Residents want rural feel protected

Leah Wilson and daughters Emma (3) and Katie (8), on pony  Pluto, walk in  Dalziel Rd, Dunedin,...
Leah Wilson and daughters Emma (3) and Katie (8), on pony Pluto, walk in Dalziel Rd, Dunedin, yesterday near the site of a proposed new Halfway Bush subdivision. Photo by Peter McIntosh.

A group of Dunedin residents is concerned a proposed subdivision will destroy their slice of rural paradise on the edge of the city.

The residents - some of whom live on lifestyle blocks - are calling on the Dunedin City Council to decline a resource consent application for a 30-site subdivision - called Westacott Heights - in Dalziel Rd, Halfway Bush.

A consent hearing for the subdivision, being developed by Paterson Pitts Group, is being held next week and 20 of 29 submissions made on the consent application were opposed to the subdivision.

Among those opposed is Dalziel Rd resident Leah Wilson, who called on the council in her submission to deny the consent, so the area's rural feel was protected.

''We have been residents of this area for many years now. We specifically bought in this area as it provided us with the rural lifestyle we had chosen to live and raise out family in,'' she said.

Fellow Dalziel Rd residents Dean and Angela Ruske said the subdivision would threaten their farmstay business.

''We believe that a further subdivision of 30 properties will significantly affect our business and take away from the unique location that we currently have.

''Not only will views be affected, but traffic, lighting, people and dogs will also affect the peacefulness of this area.''

Seven people made submissions in favour of the development, including Jason Whitehead, who said it would provide a ''fantastic'' opportunity for people to live in a well-thought-out subdivision.

Others who made submissions in favour said the existing zoning of the area as ''rural'' was out of context with the surrounding areas, which were residential.

Many of those opposed, including Ms Wilson, expressed concern about traffic safety, saying Dalziel Rd, which had no footpath, was already dangerous enough.

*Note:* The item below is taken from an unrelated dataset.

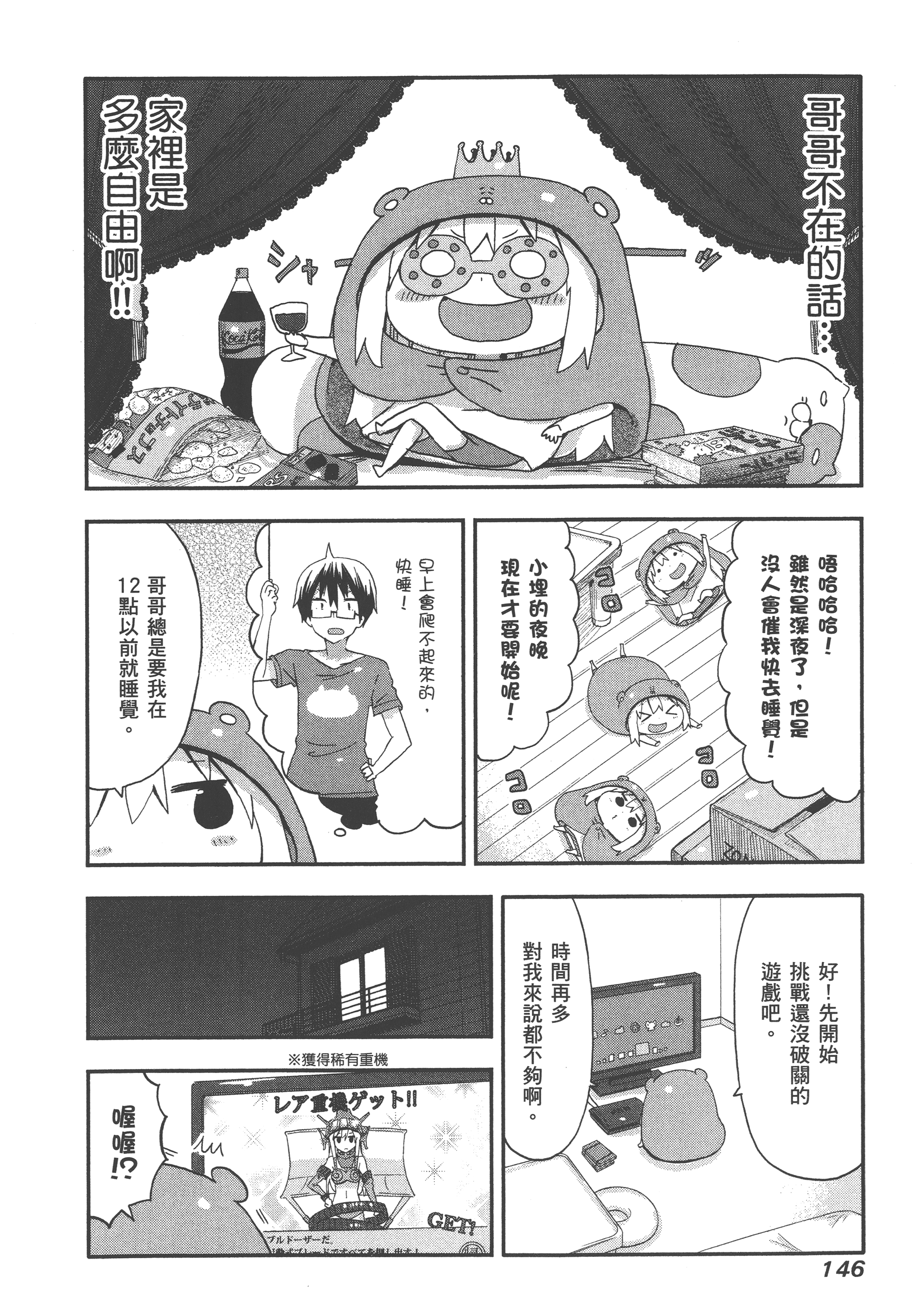 Page 150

Council planner Lianne Darby agreed with those concerns in recommending consent be declined, saying Dalziel Rd was narrow and that a lack of roadside berm meant pedestrians, cyclists and horse riders had to share the road with vehicles.

However, since Ms Darby wrote her report, Paterson Pitts Group has altered its plans so that access to most of the proposed lots would be from Taieri Rd, with only nine having access from Dalziel Rd.